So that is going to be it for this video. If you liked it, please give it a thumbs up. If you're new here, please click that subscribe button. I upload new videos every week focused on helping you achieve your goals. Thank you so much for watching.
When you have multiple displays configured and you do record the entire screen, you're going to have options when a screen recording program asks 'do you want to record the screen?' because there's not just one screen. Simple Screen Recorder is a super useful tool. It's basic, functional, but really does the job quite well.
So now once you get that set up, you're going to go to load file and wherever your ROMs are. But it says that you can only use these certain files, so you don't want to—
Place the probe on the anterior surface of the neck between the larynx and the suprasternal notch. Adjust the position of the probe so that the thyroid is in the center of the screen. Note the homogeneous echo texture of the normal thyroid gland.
________________________
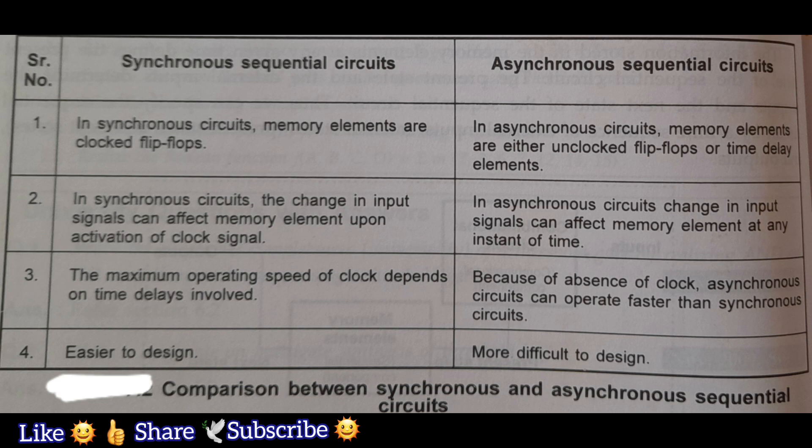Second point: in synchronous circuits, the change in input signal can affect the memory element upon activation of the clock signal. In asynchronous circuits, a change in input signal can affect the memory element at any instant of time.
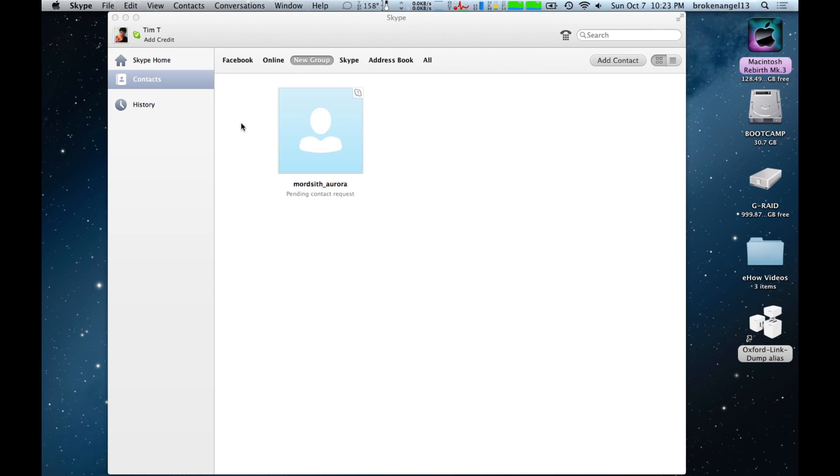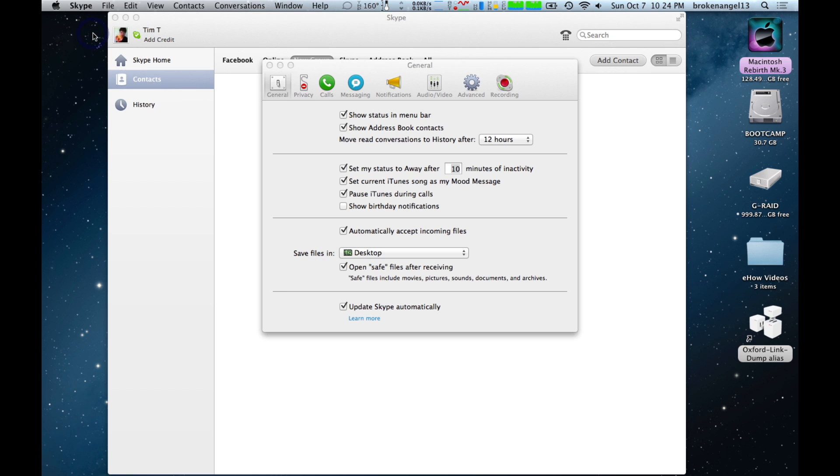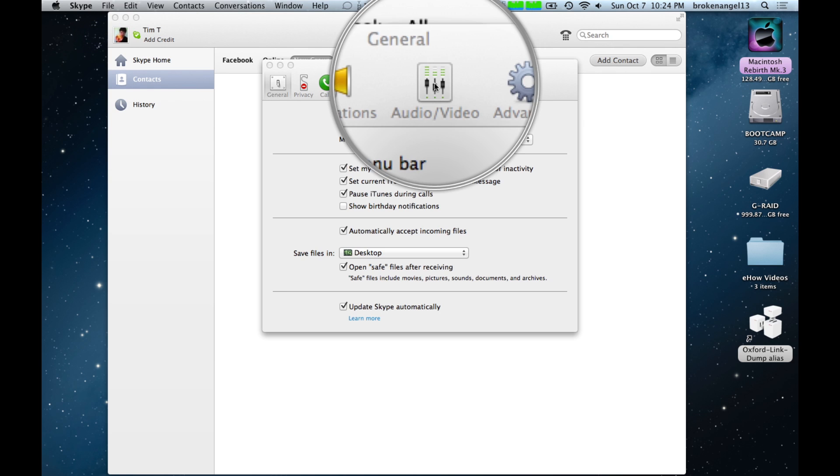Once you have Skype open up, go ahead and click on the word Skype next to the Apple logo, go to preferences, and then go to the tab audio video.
________________________
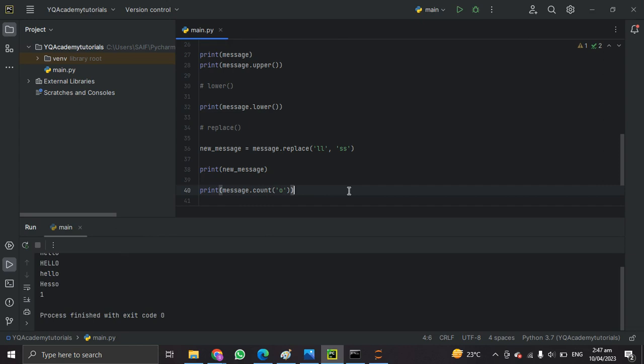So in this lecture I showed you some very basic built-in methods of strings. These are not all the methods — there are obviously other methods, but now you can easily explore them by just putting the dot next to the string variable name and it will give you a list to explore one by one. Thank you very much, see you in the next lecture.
________________________
* [EXERCISE]
If a line above holds the word "that", copy it.

* [YOUR RESPONSE]
So that is going to be it for this video. If you liked it, please give it a thumbs up. If you're new here, please click that subscribe button. I upload new videos every week focused on helping you achieve your goals. Thank you so much for watching.
So now once you get that set up, you're going to go to load file and wherever your ROMs are. But it says that you can only use these certain files, so you don't want to—
Place the probe on the anterior surface of the neck between the larynx and the suprasternal notch. Adjust the position of the probe so that the thyroid is in the center of the screen. Note the homogeneous echo texture of the normal thyroid gland.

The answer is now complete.